- [The data]
↓
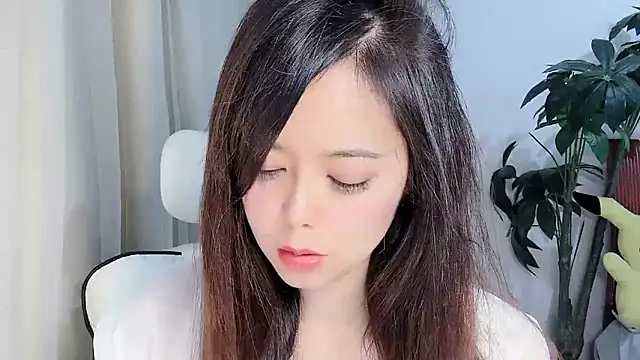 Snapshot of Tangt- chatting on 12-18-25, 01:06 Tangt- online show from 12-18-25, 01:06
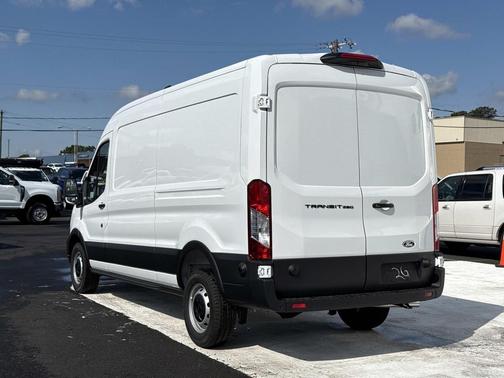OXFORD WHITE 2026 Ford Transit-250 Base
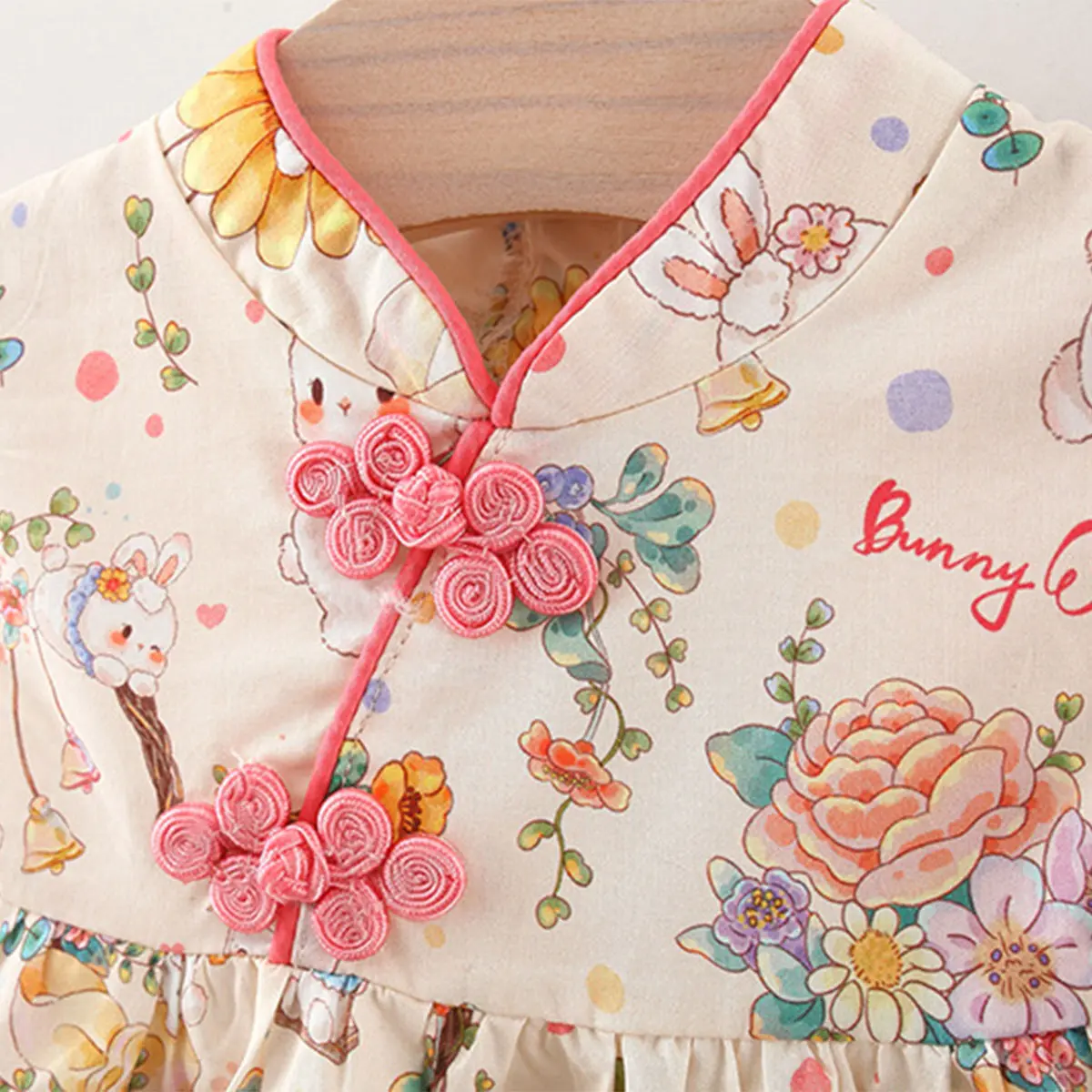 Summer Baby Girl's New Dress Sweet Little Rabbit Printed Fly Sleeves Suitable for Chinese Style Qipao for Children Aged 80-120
↑
Begin with the line that contains "OXFORD WHITE 2026 Ford Transit-250 Base" and copy every line through the end of the listing, exactly as written, both ends included. Pictures are not part of the copy.

- [Written response]
OXFORD WHITE 2026 Ford Transit-250 Base
 Summer Baby Girl's New Dress Sweet Little Rabbit Printed Fly Sleeves Suitable for Chinese Style Qipao for Children Aged 80-120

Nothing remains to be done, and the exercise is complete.